Tuesday, 13 May 2014

Deciding the next election (2): the East Midlands in 2015

Moving from the West Midlands to the East Midlands, we stay in marginals-rich territory. 10 of the 100 most marginal Conservative seats can be found among the 46 seats in the East Midlands. Six of the 40 most marginal Labour seats are found here also. This is election-defining territory.

This region, however, possesses much less cultural unity than many other regions. While the centre of the East Midlands, based around the triangle of Nottingham, Derby and Leicester, has an identifiable local culture, the region does not have the same central pull as Yorkshire & The Humber, the East or the South West. This makes generalisations particularly dangerous. It might be safer to treat southern Lincolnshire (and perhaps Northamptonshire) as part of East Anglia and to look at north Nottinghamshire and north Derbyshire, which have Sheffield as their nearest big city, through the same psephological lenses as Yorkshire & The Humber.

In the last few years, economic performance has been mixed. Unemployment is pretty average for the UK but the region has lower than average wages. House price rises have been fairly flat.

Generally across Britain, the story of 1997 to 2011 was of England's GVA growth being led by London and the eight core cities (which include Nottingham), with medium sized cities lagging behind. In 2012, however, the trend reversed with medium sized cities outperforming the rest. Nottingham bucked the trend positively, recording 5.2% growth in 2012 while Leicester was an outlier in the other direction, recording only 0.9% growth.

There is a narrow point and a broader point here. First, seats around Nottingham look like more fertile territory for the Conservatives and more challenging for Labour, all other things being equal, than seats around Leicester. Secondly, it's incredibly dangerous reading too much into national statistics - what is being experienced on the ground in different locations may vary a lot. Leicester and Nottingham are less than 25 miles apart, but their recent economic experiences are quite different.

At the last census, the East Midlands had the highest proportion of cohabiting couple households of any of the regions in England and Wales (11 per cent). The East Midlands is also the only region where the average number of cars and vans per household has remained the same between 2001 and 2011 (it increased elsewhere). Oddly, the traffic increase on major roads over more or less the same period is higher than average. Perhaps East Midlanders have just taken to driving more.
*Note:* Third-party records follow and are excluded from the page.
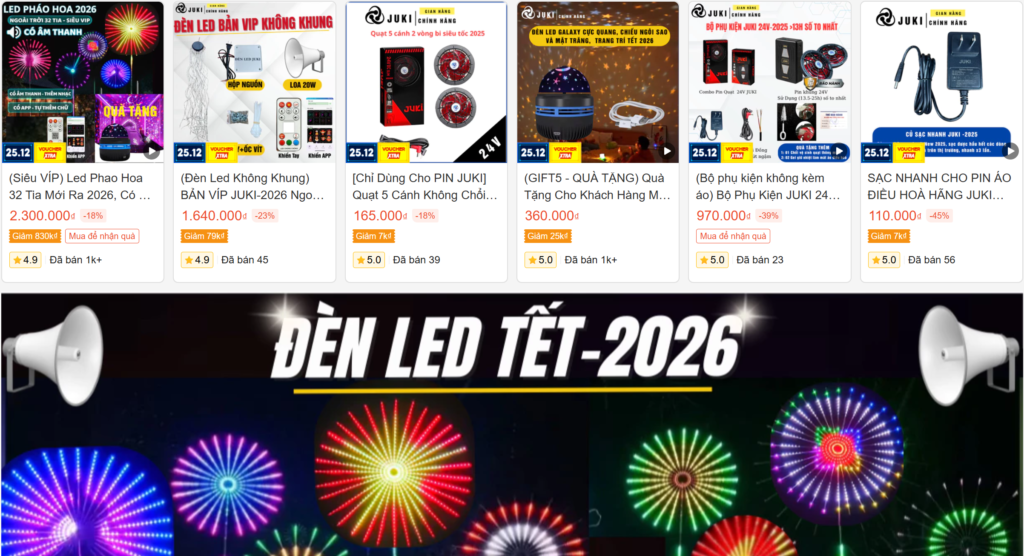 Screenshot 2025 12 24 163256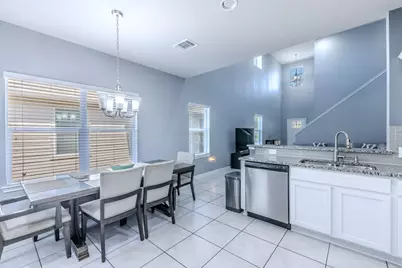 2021 Grow Lane, Austin, TX 78754 - Photo 4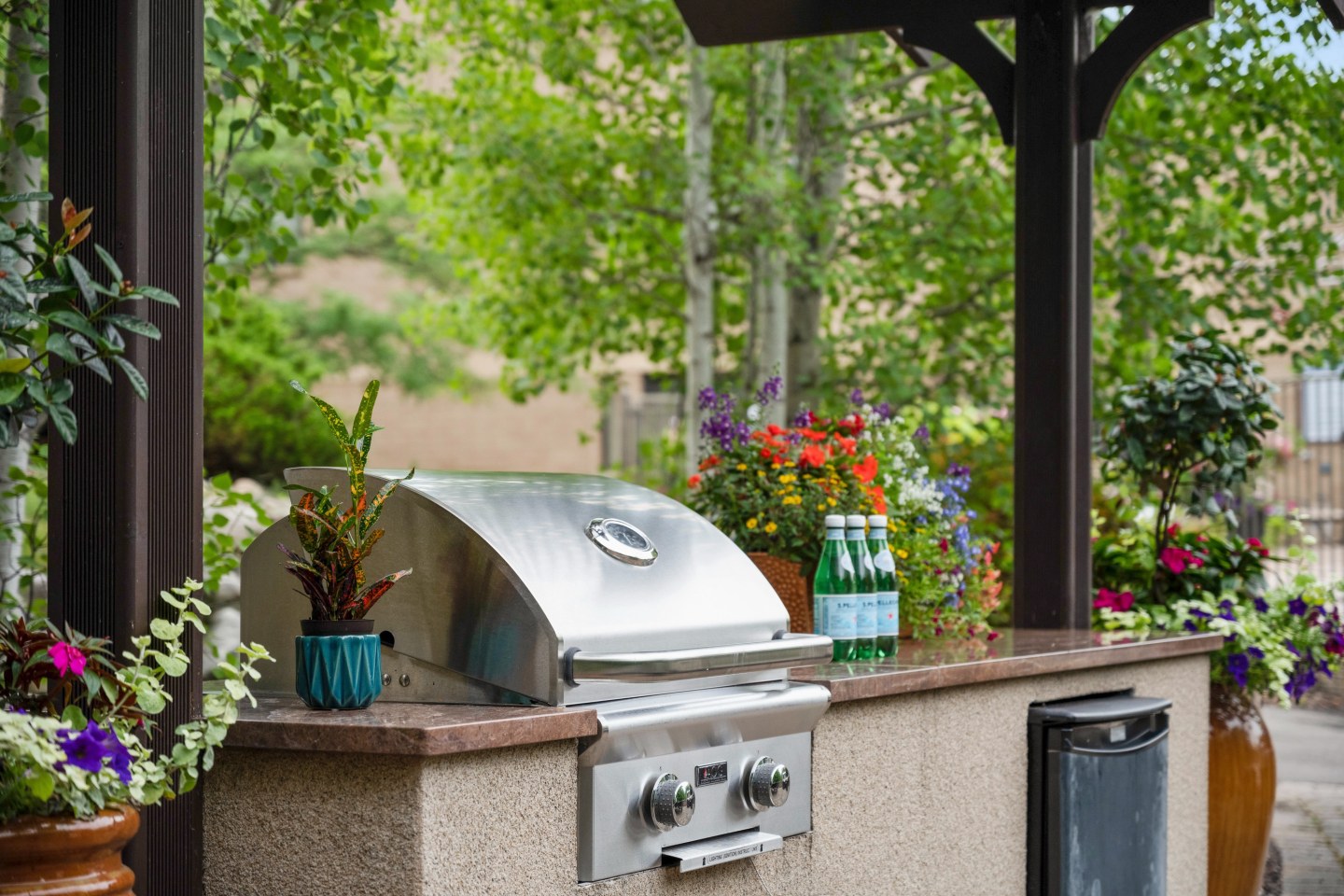 Avana Minnetonka Image 14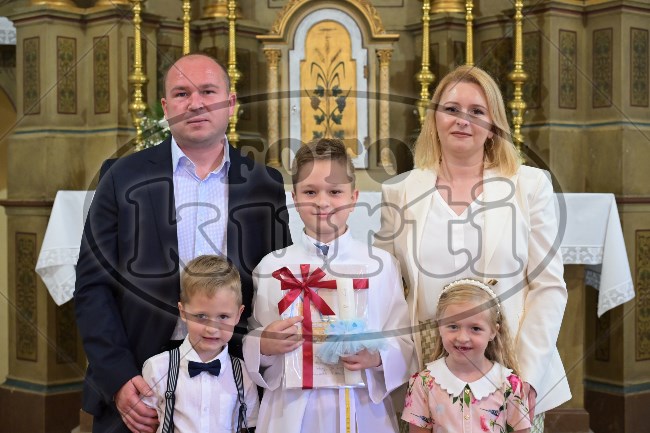 PP Tribalj 2026 577 - FotoKurti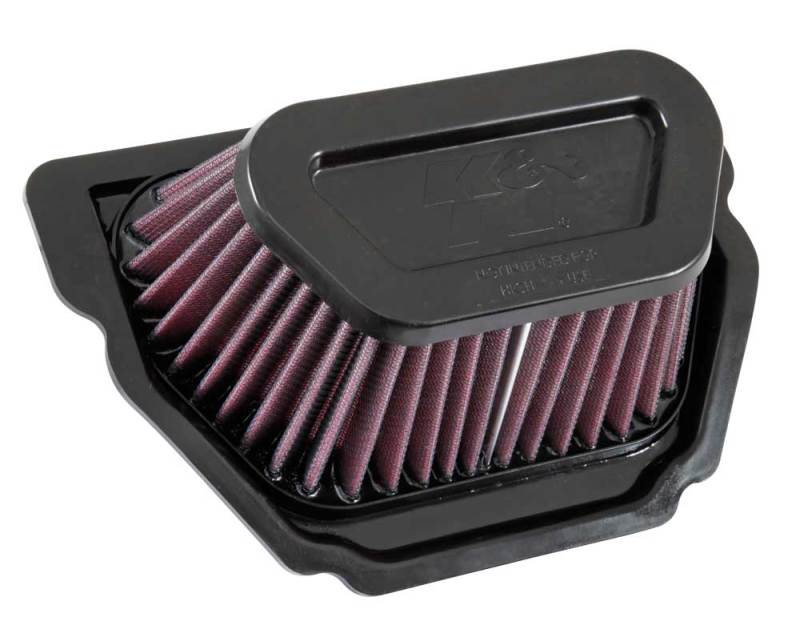 K&N Engineering KN Drop in Air Filters Air Filters Air Filters - Drop In main image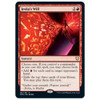 Jeska's Will (foil)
Here's the ONS's handy guide to the region:

Anyway, let's have a look at the seats:

As usual, I have put together a Conservative battleground (largely because the constituency odds on the Conservative side generally compare a bit more favourably with the odds on the Conservatives getting an overall majority or being largest party, as compared with the Labour counterpart odds) with a selection of other seat markets at the end.  As previously, the third column reflects the effect on the majority in Labour/Conservative marginals that would be had by allocating a quarter of the 2010 Lib Dem vote to Labour (the figure is derived by assuming that half will leave the Lib Dems and that these will break for Labour rather than the Conservatives in a 3:1 proportion).

Observations? Well, first of all, the Lib Dems are an irrelevance. On paper they look competitive in two seats (Ashfield and Chesterfield). In practice, Labour should hold both of these seats very comfortably indeed - in this region at least the Lib Dems will be the un-credible shrinking party. The 2/9 on Labour in Ashfield is a sound if undynamic bet.  A 22% return in a year is not to be sneezed at.

I don't think it's yet fully appreciated how far the Lib Dems look set to be driven out of central England.  It's quite plausible that the Lib Dems will have no MPs inside an area bounded by Bermondsey & Old Southwark, Cambridge, Sheffield Hallam, Hazel Grove and Cheltenham.   On a bad night, the Lib Dem free zone could be substantially larger.

UKIP are short-priced in Louth & Horncastle and Boston & Skegness (both Saxon Shore seats), but elsewhere are no shorter than 16/1. There may be good UKIP bets among the longshots here, but if there are I haven't spotted them. I'd steer clear of South Northamptonshire and Daventry though - their local authority has the highest employment rates in the country. It's hard to imagine many residents in fear for their jobs as a result of immigration in those constituencies.

The bulk of the seats are, essentially, the type of Labour/Conservative battlegrounds that once upon a time spread across the entire country. Given Nottingham's good growth record, pocketbook concerns may mean that the Conservatives do relatively better here than elsewhere. The 9/1 on the blues in Nottingham South might be an adventurous longshot. Perhaps more sensibly, the 5/1 on the Conservatives in Sherwood is worth a flutter: a first time incumbent in a seat that adjoins Nottingham might be more resilient than one might expect. It certainly looks a better bet than the 7/2 on the Conservatives in Broxtowe, which is a seat with many of the same features and a substantially identical majority.

On the other side of the fence, Labour at 8/11 in Northampton North still looks good value. There's a huge Lib Dem vote to squeeze. By comparison, Erewash requires a bigger swing, has fewer Lib Dems to squeeze and Labour are 1/2 there.